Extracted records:
• • • • • • •
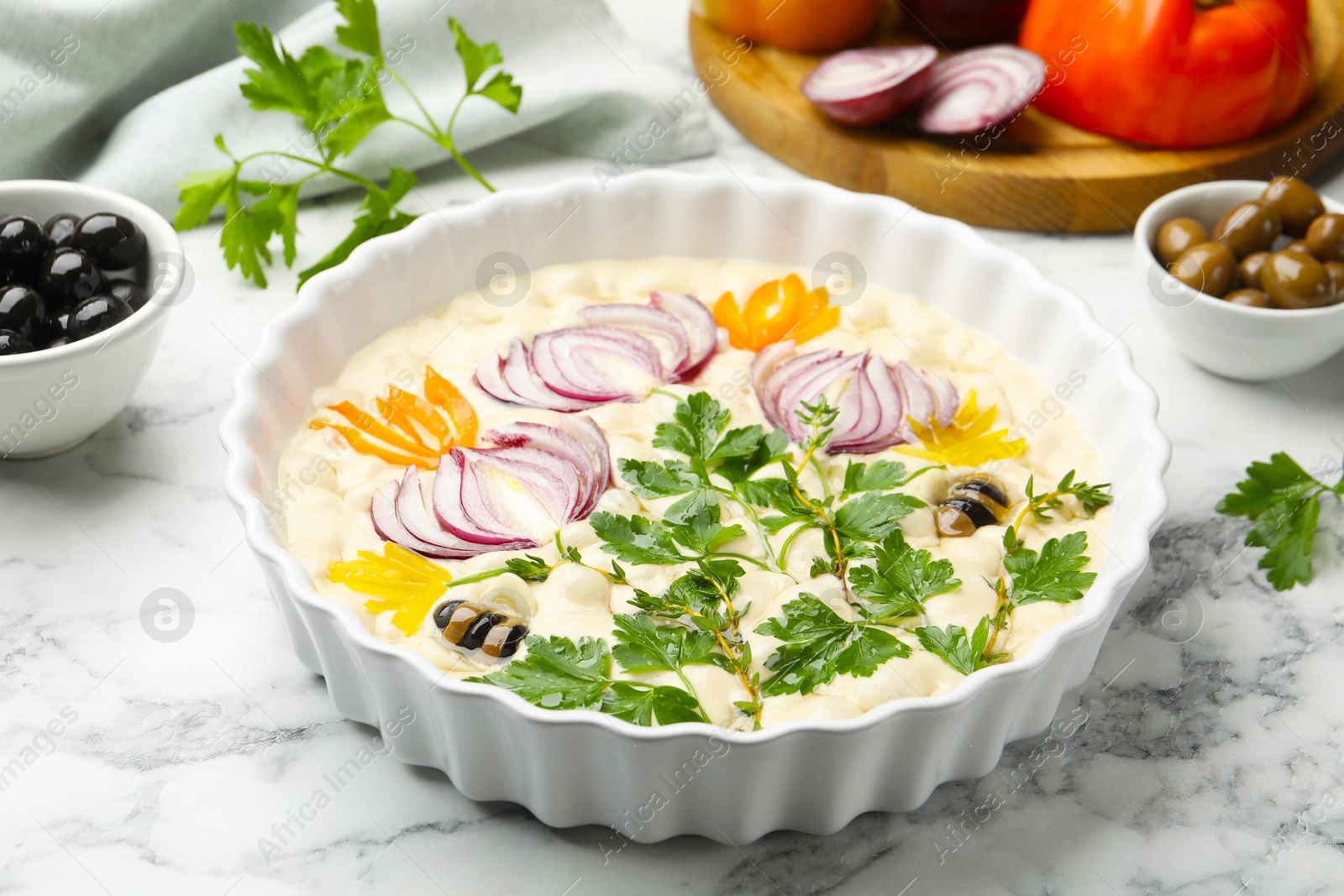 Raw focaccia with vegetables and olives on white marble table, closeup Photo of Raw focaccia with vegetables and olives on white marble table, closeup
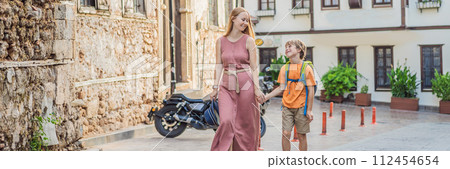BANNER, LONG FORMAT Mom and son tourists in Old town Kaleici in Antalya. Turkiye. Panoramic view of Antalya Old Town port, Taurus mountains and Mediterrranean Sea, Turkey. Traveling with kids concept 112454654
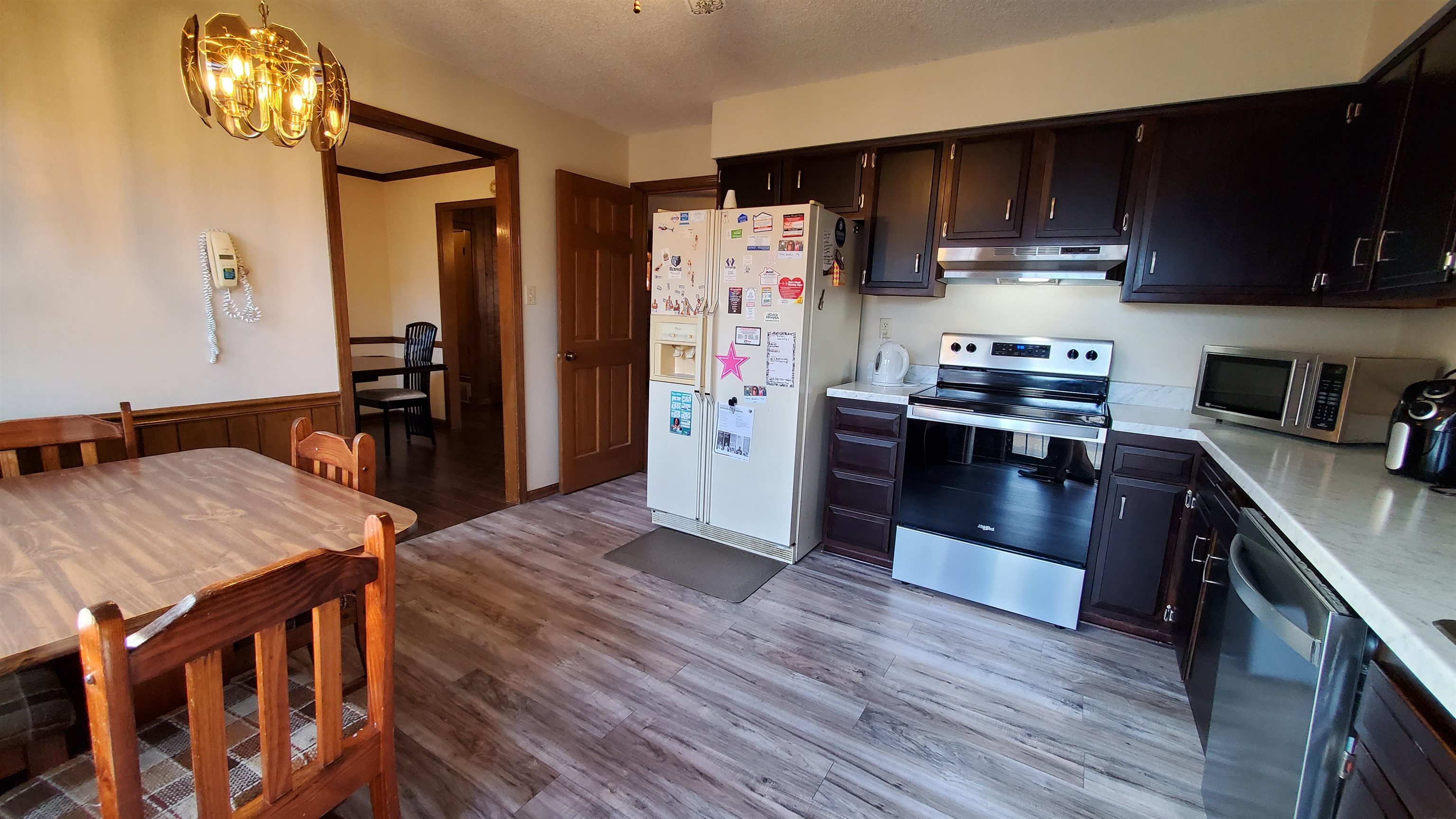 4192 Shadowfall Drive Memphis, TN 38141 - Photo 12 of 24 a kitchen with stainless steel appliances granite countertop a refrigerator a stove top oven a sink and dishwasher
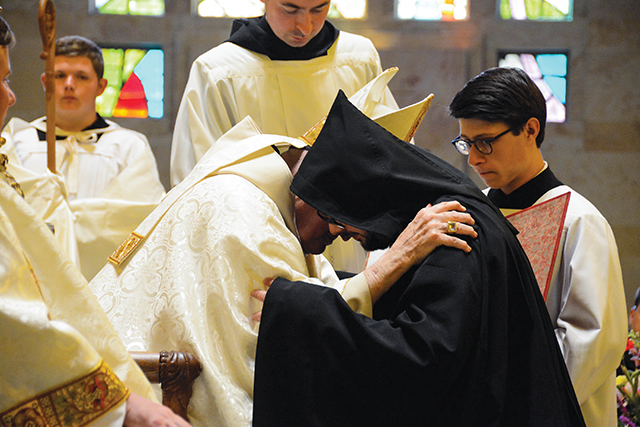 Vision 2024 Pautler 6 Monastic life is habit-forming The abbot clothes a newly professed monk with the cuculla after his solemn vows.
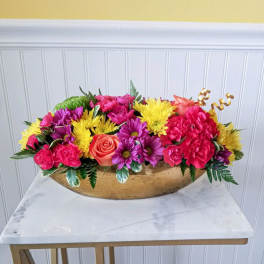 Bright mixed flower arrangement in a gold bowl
• • • • • • •
**Problem description:** Return only the lines from the line containing "4192 Shadowfall Drive" through the last line of the records above, both ends included, exactly as written, leaving pictures out.

**Task result:**
 4192 Shadowfall Drive Memphis, TN 38141 - Photo 12 of 24 a kitchen with stainless steel appliances granite countertop a refrigerator a stove top oven a sink and dishwasher
 Vision 2024 Pautler 6 Monastic life is habit-forming The abbot clothes a newly professed monk with the cuculla after his solemn vows.
 Bright mixed flower arrangement in a gold bowl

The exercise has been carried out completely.